PROBLEM STATEMENT: Would you return each entry exactly as written, omitting any pictures?

SUPPLIED RECORDS:
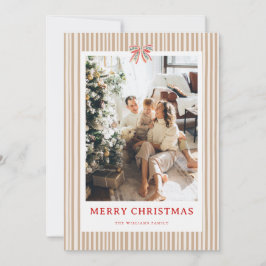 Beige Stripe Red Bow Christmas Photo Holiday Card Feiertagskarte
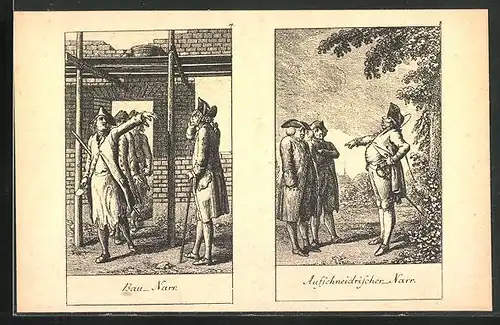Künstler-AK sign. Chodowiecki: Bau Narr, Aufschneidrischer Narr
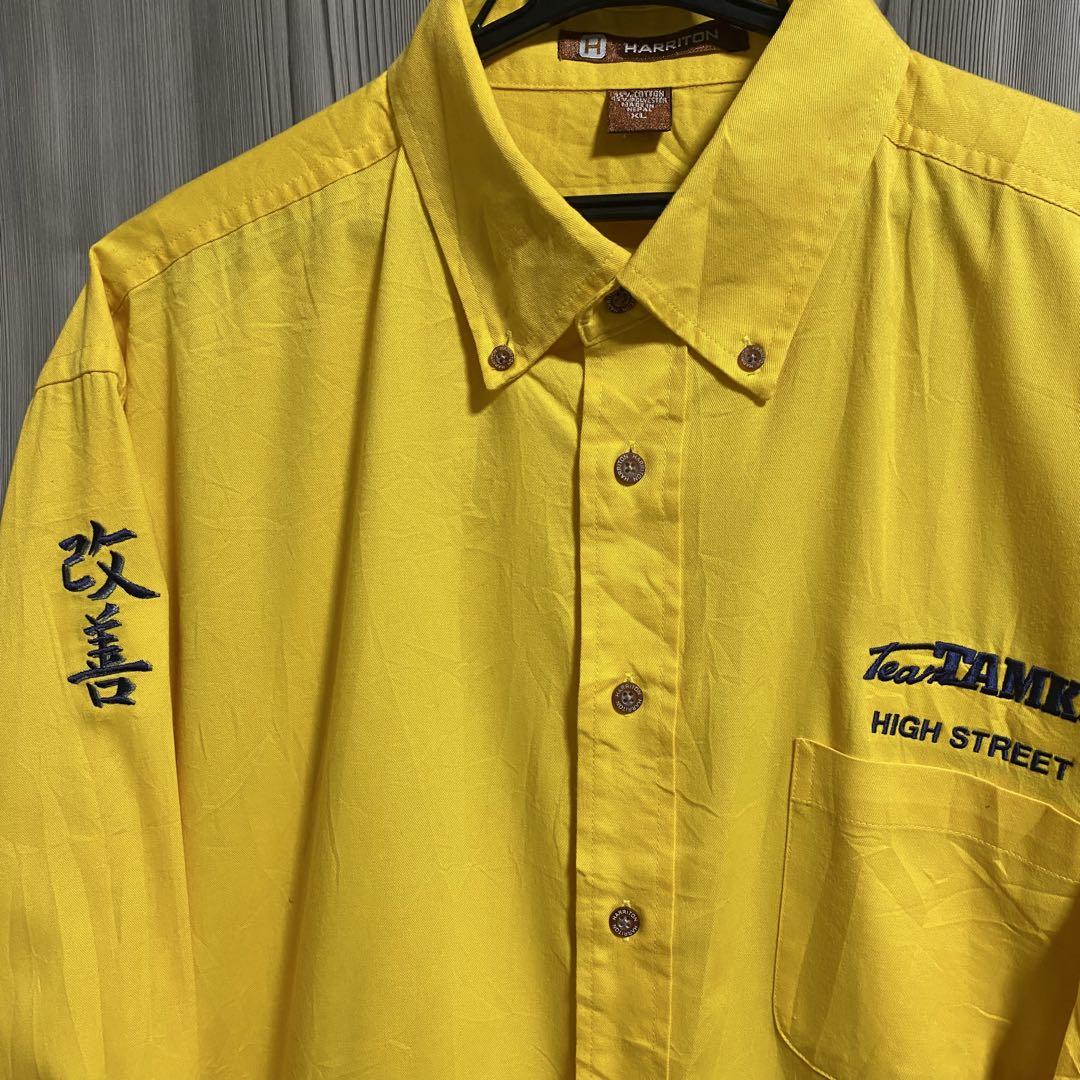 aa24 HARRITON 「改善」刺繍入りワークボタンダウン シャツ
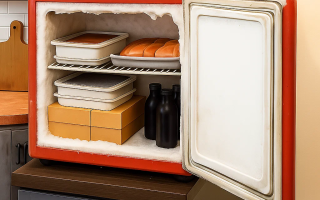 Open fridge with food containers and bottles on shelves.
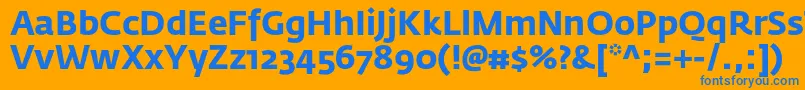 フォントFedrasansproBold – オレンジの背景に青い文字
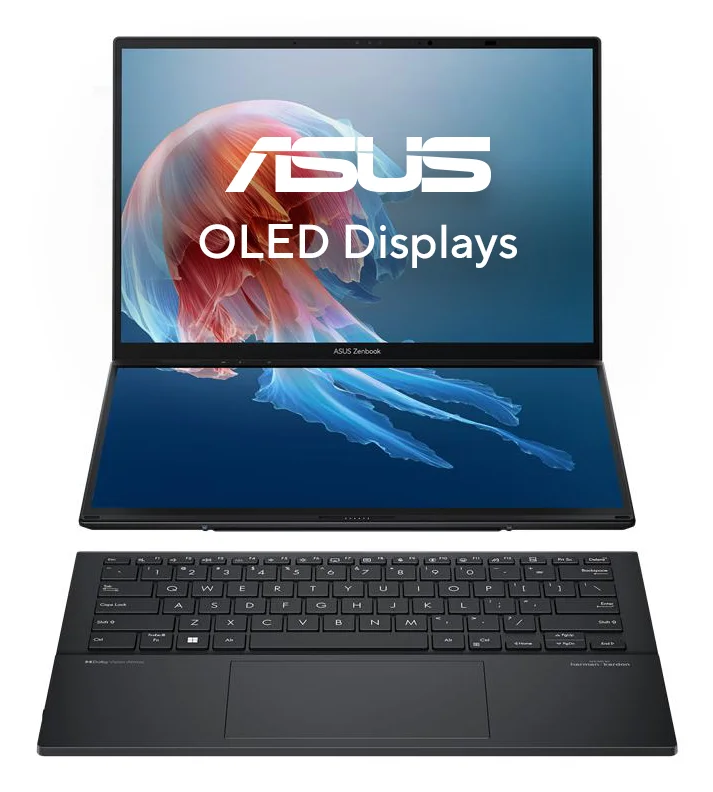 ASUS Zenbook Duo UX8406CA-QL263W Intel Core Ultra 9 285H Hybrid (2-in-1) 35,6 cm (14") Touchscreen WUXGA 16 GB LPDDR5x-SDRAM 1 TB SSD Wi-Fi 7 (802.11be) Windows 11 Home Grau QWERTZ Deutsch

ANSWER SECTION:
 Beige Stripe Red Bow Christmas Photo Holiday Card Feiertagskarte
Künstler-AK sign. Chodowiecki: Bau Narr, Aufschneidrischer Narr
 aa24 HARRITON 「改善」刺繍入りワークボタンダウン シャツ
 Open fridge with food containers and bottles on shelves.
 フォントFedrasansproBold – オレンジの背景に青い文字
 ASUS Zenbook Duo UX8406CA-QL263W Intel Core Ultra 9 285H Hybrid (2-in-1) 35,6 cm (14") Touchscreen WUXGA 16 GB LPDDR5x-SDRAM 1 TB SSD Wi-Fi 7 (802.11be) Windows 11 Home Grau QWERTZ Deutsch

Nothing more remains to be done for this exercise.